A Tesla lithium EV battery weighs more than 1,000 pounds. While there are dozens of variations, such an EV battery typically contains about:
- 25 pounds of lithium,
- 30 pounds of cobalt,
- 60 pounds of nickel,
- 110 pounds of graphite,
- 90 pounds of copper,
Looking upstream at the ore grades, one can estimate the typical quantity of rock that must be extracted from the earth and processed to yield the pure minerals needed to fabricate that single battery:
- Lithium brines typically contain less than 0.1% lithium, so that entails some 25,000 pounds of brines to get the 25 pounds of pure lithium.
- Cobalt ore grades average about 0.1%, thus nearly 30,000 pounds of ore to get 30 pounds of cobalt.
- Nickel ore grades average about 1%, thus about 6,000 pounds of ore to get 60 pounds of nickel.
- Graphite ore is typically 10%, thus about 1,000 pounds per battery to get 100 pounds of graphite.
- Copper at about 0.6% in the ore, thus about 25,000 pounds of ore per battery to get 90 pounds of copper.
In total then, acquiring just these five elements to produce the 1,000-pound EV battery requires mining about 90,000 pounds of ore. To properly account for all the earth moved though—which is relevant to the overall environmental footprint, and mining machinery energy use—one needs to estimate the overburden, or the materials first dug up to get to the ore. Depending on ore type and location, overburden ranges from about 3 to 20 tons of earth removed to access each ton of ore.
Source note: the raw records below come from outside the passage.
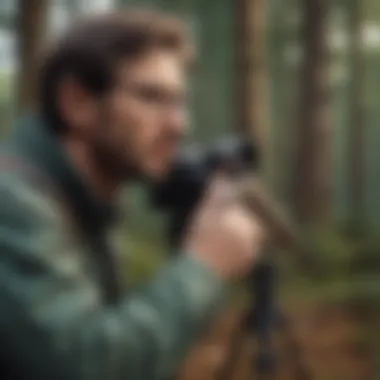Recording Bird Calls in Nature A researcher using audio equipment to record bird calls in the wild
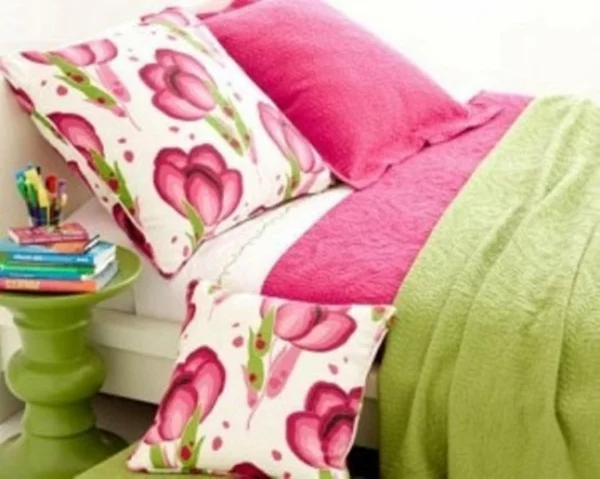 frühling schlafzimmer rosa grün bettbezüge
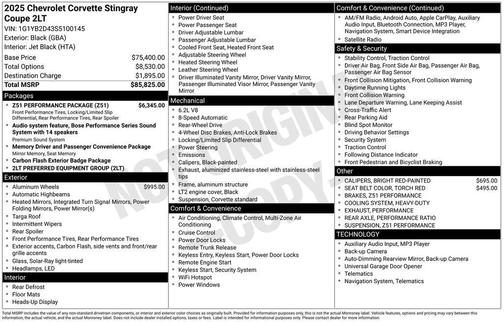 2025 Chevrolet Corvette Stingray w/2LT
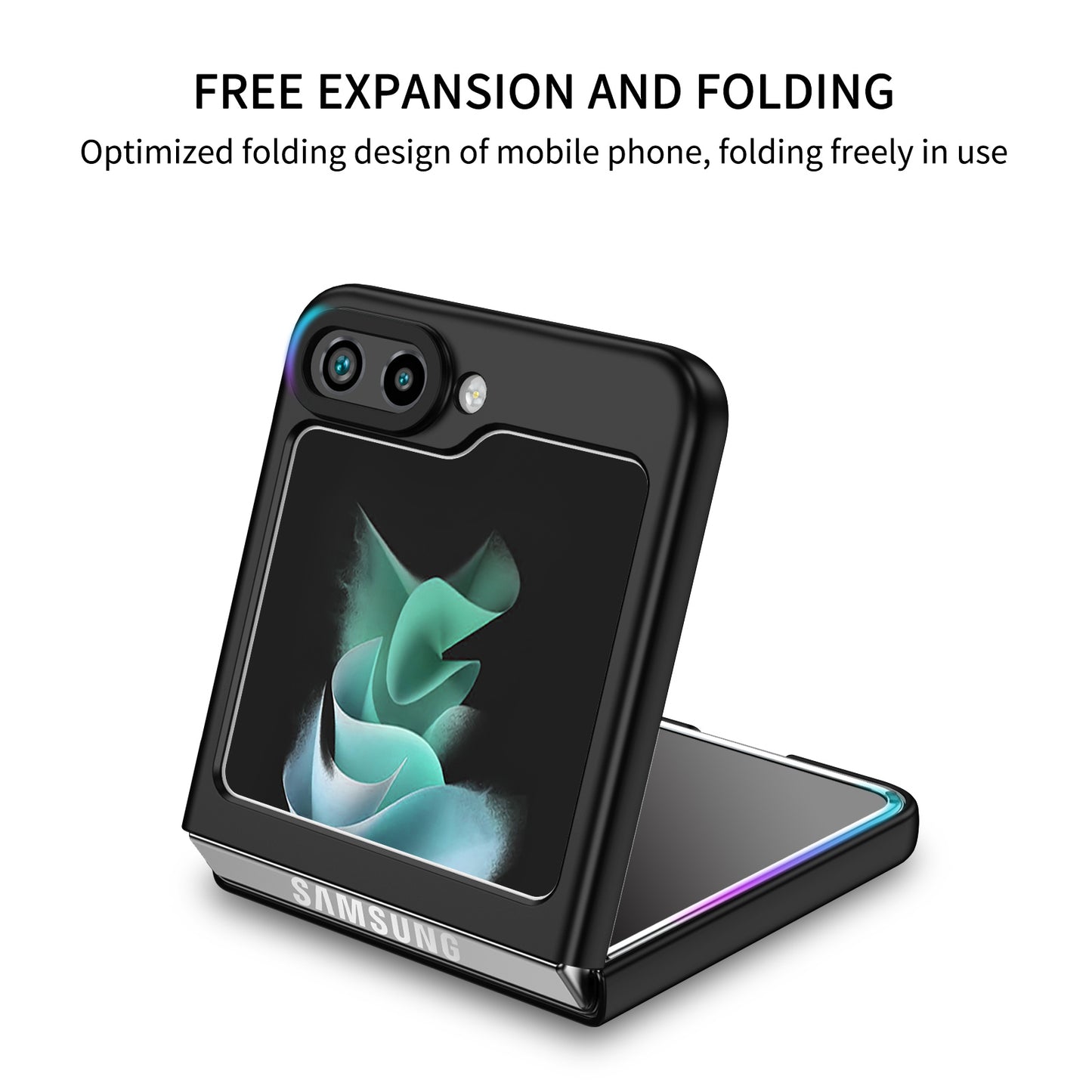 Uniqkart for Samsung Galaxy Z Flip5 5G Phone Case Shockproof Hard PC Cover with Kickstand - Black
This means that accessing about 90,000 pounds of ore requires digging and moving between 200,000 and over 1,500,000 pounds of earth—a rough average of more than 500,000 pounds of ore per battery.
According to Cambridge University Emeritus Professor of Technology Michael Kelly, replacing all the United Kingdom’s 32 million light duty vehicles with next-generation EVs would require huge quantities of materials to manufacture 32 million EV batteries:
- more than 50 percent of the world’s annual production of copper.
- 200 percent of its annual cobalt.
- 75 percent yearly lithium carbonate output; and
- nearly 100 percent of its entire annual production of neodymium.
One can easily see that the world may not have enough minerals and metals for the EV batteries to support the EV growth projections roadmap when you consider that today:
- Combined worldwide car sales in 2019 were more than 65 million vehicles annually.
- There are 1.2 billion vehicles on the world’s roads with projections of 2 billion by 2035.
Today, there are less than 8 million EV’s operating on the world’s highways. If EV projections come to reality by 2035, 5 to 7 percent of the 2 billion vehicles would equate to 125 million EV’s on the world’s roads, and potentially double that number if governments step up the pace of legislative change. However, looking at the UK study of the materials required for only 32 million EV batteries, there may not be enough materials in the world to finish the EV conversion plans.
Further bad news is that a single digit penetration into the worlds projected 2 billion vehicles would also represent more than 125 BILLION pounds of lithium-ion batteries, just from those 125 million EV’s that will need to be disposed of in the decades ahead.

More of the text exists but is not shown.